Entity licensing benefits no one: Whyte

Financial advisers and their clients would be left worse off if the Financial Advisers Act moves from a system of individual licensing to entity licensing, one commentator has suggested.

Tuesday, December 15th 2015, 6:00AM 3 Comments

by Susan Edmunds

The recently-released options paper for the review of the Act signals that the Ministry of Business, Innovation and Employment would like to see a move to an entity licensing regime similar to the approach of the Financial Markets Conduct Act.

That has prompted concern from those who fear it will mean more work for small adviser businesses.

Industry commentator David Whyte, former managing director of AIG Life Australia and general manager of AIA in New Zealand, said there did not seem to be many benefits for consumers or advisers in such a move.

He said some entities might not apply the rules to their members as strictly as others.

“Consumers could be exposed to risks they currently don’t face.

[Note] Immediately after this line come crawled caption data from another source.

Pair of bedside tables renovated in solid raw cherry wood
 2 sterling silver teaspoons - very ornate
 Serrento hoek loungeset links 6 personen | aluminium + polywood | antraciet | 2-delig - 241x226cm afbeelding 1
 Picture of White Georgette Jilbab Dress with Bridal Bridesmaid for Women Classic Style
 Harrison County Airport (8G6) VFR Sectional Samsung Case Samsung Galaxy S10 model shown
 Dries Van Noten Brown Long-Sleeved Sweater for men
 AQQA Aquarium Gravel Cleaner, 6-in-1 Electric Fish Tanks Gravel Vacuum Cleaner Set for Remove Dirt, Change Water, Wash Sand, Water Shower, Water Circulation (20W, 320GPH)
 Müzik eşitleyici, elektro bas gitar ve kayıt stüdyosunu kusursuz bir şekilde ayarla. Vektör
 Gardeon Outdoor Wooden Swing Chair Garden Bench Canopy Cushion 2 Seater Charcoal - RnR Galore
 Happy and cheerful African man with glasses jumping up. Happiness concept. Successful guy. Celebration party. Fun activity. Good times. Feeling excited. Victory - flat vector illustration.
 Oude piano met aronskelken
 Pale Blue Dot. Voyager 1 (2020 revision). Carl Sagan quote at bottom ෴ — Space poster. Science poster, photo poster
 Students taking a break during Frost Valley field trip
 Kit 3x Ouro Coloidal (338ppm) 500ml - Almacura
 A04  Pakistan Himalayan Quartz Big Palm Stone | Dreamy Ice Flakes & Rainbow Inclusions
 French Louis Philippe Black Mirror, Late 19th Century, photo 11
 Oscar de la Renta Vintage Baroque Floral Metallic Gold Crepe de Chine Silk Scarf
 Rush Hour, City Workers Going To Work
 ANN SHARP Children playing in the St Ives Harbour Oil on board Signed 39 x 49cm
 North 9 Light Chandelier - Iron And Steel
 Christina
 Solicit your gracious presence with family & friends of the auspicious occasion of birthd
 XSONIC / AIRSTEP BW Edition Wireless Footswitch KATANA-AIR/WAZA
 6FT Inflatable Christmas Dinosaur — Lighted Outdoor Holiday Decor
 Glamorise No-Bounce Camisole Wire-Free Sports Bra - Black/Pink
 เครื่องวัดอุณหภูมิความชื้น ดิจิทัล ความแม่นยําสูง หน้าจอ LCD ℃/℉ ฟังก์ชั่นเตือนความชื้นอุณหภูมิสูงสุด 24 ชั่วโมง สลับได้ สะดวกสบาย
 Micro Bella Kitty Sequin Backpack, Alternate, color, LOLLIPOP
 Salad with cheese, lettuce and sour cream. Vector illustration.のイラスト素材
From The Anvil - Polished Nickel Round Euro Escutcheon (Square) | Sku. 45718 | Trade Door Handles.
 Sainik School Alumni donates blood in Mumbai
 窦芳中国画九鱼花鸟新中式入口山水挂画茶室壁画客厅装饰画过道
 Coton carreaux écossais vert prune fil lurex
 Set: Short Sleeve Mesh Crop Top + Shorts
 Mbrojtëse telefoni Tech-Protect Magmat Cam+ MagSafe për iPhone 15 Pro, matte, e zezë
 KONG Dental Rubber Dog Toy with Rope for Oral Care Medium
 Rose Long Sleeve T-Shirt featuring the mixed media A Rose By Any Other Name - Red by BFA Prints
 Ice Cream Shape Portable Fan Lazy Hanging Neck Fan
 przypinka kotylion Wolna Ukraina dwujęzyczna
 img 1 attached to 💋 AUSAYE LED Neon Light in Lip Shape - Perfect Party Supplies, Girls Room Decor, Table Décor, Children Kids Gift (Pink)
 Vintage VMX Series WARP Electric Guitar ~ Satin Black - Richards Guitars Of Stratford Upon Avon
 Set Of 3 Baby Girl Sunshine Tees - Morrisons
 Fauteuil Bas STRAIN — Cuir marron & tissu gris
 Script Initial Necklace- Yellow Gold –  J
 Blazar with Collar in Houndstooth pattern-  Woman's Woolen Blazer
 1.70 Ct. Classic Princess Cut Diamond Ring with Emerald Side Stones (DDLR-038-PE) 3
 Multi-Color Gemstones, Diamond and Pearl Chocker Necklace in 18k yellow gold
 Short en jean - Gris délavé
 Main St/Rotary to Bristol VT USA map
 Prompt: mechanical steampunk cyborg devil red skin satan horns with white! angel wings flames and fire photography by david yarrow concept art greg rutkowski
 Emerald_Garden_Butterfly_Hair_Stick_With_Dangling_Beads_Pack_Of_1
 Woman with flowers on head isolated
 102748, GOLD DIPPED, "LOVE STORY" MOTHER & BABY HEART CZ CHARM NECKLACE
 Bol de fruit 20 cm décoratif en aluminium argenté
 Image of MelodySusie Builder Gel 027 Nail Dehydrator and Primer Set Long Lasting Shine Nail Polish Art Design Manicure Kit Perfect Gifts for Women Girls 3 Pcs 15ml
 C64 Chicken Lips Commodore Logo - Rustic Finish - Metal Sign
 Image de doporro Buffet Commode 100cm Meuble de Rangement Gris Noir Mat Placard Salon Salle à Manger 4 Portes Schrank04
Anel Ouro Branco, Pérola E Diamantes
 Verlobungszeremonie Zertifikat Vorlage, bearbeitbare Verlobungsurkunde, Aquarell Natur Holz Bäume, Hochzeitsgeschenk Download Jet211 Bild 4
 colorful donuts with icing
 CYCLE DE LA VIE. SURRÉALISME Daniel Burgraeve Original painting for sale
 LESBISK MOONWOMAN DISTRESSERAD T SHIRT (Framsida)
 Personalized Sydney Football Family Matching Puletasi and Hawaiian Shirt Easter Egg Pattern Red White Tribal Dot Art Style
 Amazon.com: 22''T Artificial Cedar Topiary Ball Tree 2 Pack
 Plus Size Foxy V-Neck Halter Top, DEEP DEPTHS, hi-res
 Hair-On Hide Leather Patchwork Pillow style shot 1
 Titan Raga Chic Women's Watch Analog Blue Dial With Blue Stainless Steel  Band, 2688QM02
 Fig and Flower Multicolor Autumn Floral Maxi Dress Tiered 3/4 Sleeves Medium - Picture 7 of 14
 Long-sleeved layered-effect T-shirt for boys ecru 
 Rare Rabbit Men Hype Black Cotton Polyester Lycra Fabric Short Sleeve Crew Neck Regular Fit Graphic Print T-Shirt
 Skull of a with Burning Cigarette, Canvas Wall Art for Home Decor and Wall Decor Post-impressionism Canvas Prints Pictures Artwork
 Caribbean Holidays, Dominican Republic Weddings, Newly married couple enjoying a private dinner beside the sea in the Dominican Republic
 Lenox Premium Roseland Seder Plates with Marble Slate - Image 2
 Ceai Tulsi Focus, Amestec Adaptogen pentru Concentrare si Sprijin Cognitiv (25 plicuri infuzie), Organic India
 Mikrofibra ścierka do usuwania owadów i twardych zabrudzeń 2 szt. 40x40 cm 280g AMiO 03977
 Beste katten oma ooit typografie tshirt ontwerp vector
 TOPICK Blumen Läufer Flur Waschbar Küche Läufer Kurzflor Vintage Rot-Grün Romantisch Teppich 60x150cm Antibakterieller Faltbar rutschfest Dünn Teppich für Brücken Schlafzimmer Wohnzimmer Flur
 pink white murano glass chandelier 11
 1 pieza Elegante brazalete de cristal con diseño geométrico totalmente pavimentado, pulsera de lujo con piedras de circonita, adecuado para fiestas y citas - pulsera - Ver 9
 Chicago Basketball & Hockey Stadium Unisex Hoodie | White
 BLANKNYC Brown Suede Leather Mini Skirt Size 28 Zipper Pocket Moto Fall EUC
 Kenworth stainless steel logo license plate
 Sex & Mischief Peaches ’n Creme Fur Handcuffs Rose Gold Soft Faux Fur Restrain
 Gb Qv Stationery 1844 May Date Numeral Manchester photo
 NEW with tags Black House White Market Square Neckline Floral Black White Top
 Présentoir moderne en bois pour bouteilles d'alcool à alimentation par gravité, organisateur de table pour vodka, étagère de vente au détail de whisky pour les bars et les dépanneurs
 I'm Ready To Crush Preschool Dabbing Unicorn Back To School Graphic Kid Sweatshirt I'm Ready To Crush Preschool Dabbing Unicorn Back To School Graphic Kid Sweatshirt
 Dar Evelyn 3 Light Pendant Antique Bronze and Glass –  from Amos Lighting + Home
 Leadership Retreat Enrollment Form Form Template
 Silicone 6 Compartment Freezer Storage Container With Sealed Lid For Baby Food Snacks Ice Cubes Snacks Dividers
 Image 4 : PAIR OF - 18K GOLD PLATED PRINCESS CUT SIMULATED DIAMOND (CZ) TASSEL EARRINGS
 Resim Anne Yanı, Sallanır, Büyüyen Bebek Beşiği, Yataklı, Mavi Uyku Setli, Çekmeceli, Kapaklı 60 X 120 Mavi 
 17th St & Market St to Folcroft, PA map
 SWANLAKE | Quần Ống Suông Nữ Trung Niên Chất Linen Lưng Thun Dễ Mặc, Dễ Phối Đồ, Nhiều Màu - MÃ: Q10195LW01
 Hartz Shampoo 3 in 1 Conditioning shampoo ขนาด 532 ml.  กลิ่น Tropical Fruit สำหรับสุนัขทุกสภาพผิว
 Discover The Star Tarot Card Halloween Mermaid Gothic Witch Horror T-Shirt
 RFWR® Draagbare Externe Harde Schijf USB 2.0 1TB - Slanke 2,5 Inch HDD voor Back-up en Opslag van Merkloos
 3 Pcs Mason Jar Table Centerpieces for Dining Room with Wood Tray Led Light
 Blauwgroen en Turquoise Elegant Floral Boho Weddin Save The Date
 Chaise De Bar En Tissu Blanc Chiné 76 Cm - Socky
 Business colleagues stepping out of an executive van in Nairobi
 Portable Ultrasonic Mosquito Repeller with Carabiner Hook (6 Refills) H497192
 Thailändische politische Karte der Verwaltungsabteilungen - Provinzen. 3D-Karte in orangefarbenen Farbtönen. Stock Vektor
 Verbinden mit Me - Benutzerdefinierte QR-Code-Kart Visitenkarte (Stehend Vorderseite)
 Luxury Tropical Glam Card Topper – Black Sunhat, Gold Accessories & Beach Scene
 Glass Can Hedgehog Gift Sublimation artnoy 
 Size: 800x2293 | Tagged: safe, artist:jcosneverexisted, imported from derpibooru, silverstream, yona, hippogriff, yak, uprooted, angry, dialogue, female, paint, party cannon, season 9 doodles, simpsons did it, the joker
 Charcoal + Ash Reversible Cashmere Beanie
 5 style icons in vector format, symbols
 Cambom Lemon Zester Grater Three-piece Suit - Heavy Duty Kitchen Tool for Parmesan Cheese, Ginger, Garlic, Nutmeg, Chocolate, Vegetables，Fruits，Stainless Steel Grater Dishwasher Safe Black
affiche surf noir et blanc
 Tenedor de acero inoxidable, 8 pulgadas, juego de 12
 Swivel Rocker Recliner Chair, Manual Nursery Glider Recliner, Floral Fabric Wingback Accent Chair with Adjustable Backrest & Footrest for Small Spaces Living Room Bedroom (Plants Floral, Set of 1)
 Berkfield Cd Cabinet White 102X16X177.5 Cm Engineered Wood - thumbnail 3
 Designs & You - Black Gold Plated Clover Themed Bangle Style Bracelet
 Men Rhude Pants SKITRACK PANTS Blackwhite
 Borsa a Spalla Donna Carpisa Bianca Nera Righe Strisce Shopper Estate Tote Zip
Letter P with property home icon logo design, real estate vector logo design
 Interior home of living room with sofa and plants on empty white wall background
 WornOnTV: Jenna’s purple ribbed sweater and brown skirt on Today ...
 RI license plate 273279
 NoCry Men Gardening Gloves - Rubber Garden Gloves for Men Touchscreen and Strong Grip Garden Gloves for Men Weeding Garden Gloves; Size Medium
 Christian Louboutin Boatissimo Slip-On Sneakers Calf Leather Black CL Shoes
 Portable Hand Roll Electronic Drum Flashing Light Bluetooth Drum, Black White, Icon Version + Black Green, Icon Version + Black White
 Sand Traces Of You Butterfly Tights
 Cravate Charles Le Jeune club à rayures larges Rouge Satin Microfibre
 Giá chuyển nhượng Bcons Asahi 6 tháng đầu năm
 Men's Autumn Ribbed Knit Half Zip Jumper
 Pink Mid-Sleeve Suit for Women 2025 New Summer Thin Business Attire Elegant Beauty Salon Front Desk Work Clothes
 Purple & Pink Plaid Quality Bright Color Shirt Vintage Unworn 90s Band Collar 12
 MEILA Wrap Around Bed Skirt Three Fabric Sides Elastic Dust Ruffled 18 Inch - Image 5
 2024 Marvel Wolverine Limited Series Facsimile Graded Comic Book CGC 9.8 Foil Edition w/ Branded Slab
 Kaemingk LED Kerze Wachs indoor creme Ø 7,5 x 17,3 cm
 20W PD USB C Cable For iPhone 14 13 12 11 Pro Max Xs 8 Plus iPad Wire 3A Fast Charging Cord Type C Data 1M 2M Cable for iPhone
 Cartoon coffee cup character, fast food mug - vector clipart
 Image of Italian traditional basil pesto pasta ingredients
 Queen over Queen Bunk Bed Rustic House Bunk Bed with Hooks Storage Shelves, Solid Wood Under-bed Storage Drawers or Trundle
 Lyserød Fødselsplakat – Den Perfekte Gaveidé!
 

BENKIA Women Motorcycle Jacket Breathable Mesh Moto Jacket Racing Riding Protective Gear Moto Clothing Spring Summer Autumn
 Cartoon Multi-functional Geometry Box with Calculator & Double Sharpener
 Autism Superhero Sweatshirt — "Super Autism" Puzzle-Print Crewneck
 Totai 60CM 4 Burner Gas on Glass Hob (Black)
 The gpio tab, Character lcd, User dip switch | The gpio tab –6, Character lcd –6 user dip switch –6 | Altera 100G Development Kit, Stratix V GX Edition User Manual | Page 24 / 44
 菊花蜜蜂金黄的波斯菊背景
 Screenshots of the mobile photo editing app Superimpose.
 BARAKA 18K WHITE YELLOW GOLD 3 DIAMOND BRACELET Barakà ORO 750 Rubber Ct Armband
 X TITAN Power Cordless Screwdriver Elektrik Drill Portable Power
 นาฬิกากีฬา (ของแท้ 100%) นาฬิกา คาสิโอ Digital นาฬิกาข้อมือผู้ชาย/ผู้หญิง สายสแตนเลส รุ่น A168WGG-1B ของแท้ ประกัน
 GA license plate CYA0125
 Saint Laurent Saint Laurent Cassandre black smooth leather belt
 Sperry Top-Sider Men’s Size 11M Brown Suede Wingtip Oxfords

This late addition of entity licensing at best dilutes the individual licensing regime, and at worst, creates more risk for the consumer than exists currently."

He said there were no benefits to the industry, either.

"If, as a practice owner, I have a team of AFAs – or qualified Financial Advisers post-FAA review – why would I seek a license for the practice and accept increased personal and professional liability?

"If one member of the team goes rogue – as has already happened in the dealer group licensing structure in Australia – then that individual bears the consequences. What is the commercial and/or consumer advantage to diluting the individual licensing regime?"

He said it would add another layer of regulation and expense to the industry without any benefit to consumers.

It was a case where New Zealand should not follow Australia’s lead, he said.

“There have been a number of cases in Australia where rogue advisers have been sheltered by the entity licensing regime.”

Whyte said the QFE structure worked for product salespeople but not financial advisers.

"There's nothing inappropriate about that, their function is to sell products. But advisers’ function is to advise."

He said the move would do nothing to boost consumers’ opinion of financial advisers.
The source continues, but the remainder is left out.